The headline on the news release blared the good news: “Broadband Access Soars Nearly 150 Percent At Home, According to Nielsen//NetRatings.”
Pretty remarkable. The statistic seemed to scream that broadband use of the Internet was taking over digital communications. But the real screaming should be over the reality that was masked by the focus on the growth rate, rather than the actual growth.
Sure, at the end of 2000, there were five people accessing the Net through cable modems, digital phone lines and local area networks for every two that were doing so at the end of 1999.
But the actual numbers arent that overwhelming. In December 1999, just 4.7 million people were using some high-speed method of accessing the Internet at home. In December 2000, that number went to 11.7 million.
Now, you might see some real mass in the not-too- distant future: If somehow the 148 percent annual growth rate actually holds up for another two years, there would be 71.4 million people accessing the Net by some broadband means. Thats a real market.
But the headline for 2000 should have focused on dial-up access. Specifically, the 56-kilobit-per-second modem. In one year, the number of users dialing into the Net at that ostensible rate grew from 30.9 million to 57.9 million.
Of course, thats only 87.3 percent growth. But just the new users accessing the Net with 56-Kbps modems in 2000 — 27 million — is still more than twice the total number of users doing so via broadband connections.
Right now, high-speed access means 56,000 bits of data per second, not 1.5 million. It still means more like 28,000, 38,000 or maybe 48,000, given the wide variance in actual live performance of 56-Kbps modems.
Statistics often seem at war with themselves. Much has been made of another set of figures from Nielsen//NetRatings that showed Web users might be getting bored with the Internet. The average time spent online (at least in the U.S.) fell from 17.5 hours per month to 14.9 hours per month, from October to December. The number of online sessions per month fell from 33 to 28; and the number of sites visited from 20 to 17.

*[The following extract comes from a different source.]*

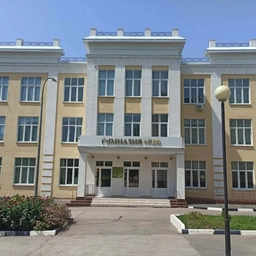 Аватар канала «ГАОУ СО "Гимназия № 89"»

But its not as if the Internet is a flash in the pan. The number of people accessing the Internet, overall, is still growing. And at a pace that other media would envy.
Once again, its Nielsen//NetRatings jousting with itself. In its latest ratings report, the audience measurement service found the number of Internet users grew from 155.9 million in October to 164.5 million in December; and, 168.8 million in January. Even after almost seven years of growth, roughly 4 million newbies are joining the legions of Internet users — every month. All told, 60 percent of the U.S. population is now hooking into the Net, either from work or home.
Much also has been made of the popularity of cell phones in Scandinavia, particularly Finland. How startling to think that Finns use cell phones to pay for beverages at vending machines, or as always-available receptacles for downloading the latest releases by popular recording artists.
You start to think about what you are missing, as the rest of the world seems to leap past the desktop Web and right into the handheld version. But, statistically speaking, dont be fooled. An Accenture survey last month found that only 15 percent of consumers in Finland, Germany, Japan, the U.K. and the U.S. who owned a cell phone or wireless device were using it to connect to the Internet. And less than one percent used their mobile devices to buy something online. So much for mobile commerce.
The big anomaly is Japan, where more than 70 percent of cell users access the Net via their phones. But theres a simpler equation. Sending a 50-character message to a friend costs just one yen. A one-minute phone call costs 20 yen.
Those are the kind of numbers that produce incontrovertible results, in any market.